Laney College President Tammeil Gilkerson wrote in a statement that Hubbard had been put on leave. Though she did not mention him by name, she said that “we are aware of the allegations of racist and xenophobic messages from a faculty member at our college with a student about the pronunciation of their name.

“While our mission has been bold and unrelenting, we also recognize that our college and its community is a reflection of broader society and we must actively fight ignorance with education. We do not tolerate racism, discrimination or oppression of any kind,” the statement read.

Nguyen said she’d previously gone by the nickname “May,” but decided to begin her freshman year by using her legal name, which means “happiness blessing.”

“I was shook because growing up, they were problems with how to pronounce my name, but they would ask me how to pronounce my name,” she said, adding that Hubbard was “being an ignorant person and not trying to learn my name.”
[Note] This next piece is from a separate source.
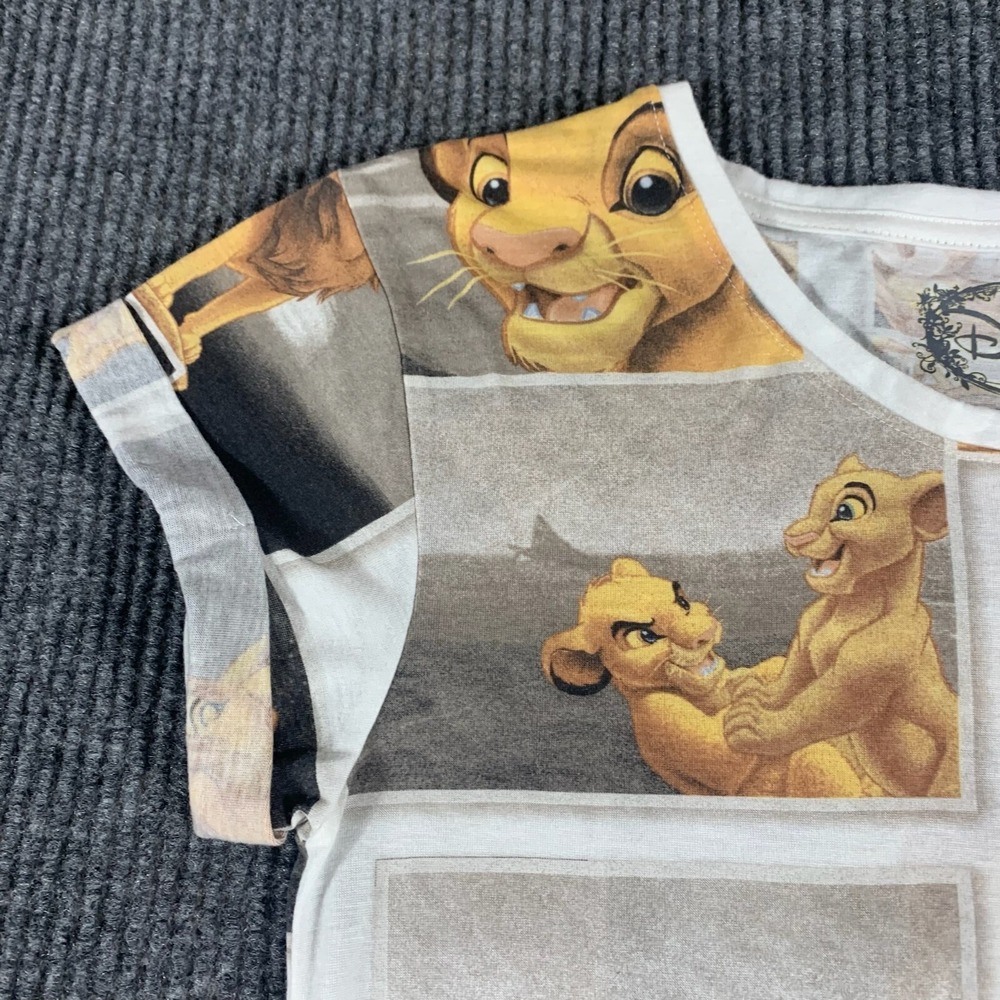 Disney Top Womens M White Lion King Short Sleeve Stretch Simba AOP Lightweight - Picture 4 of 9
In an interview with the New York Times, Hubbard said that another student in his class, whose last name was also Nguyen, had opted for a nickname. That student apparently inspired him to ask Nguyen to do the same:

“The first email was a mistake, and I made it thinking about another student willing to Anglicize,” Professor Hubbard said. “But it’s a big difference with someone doing it voluntarily and asking someone to do it. The second email is very offensive, and if I had waited eight hours, I would’ve written something very different.”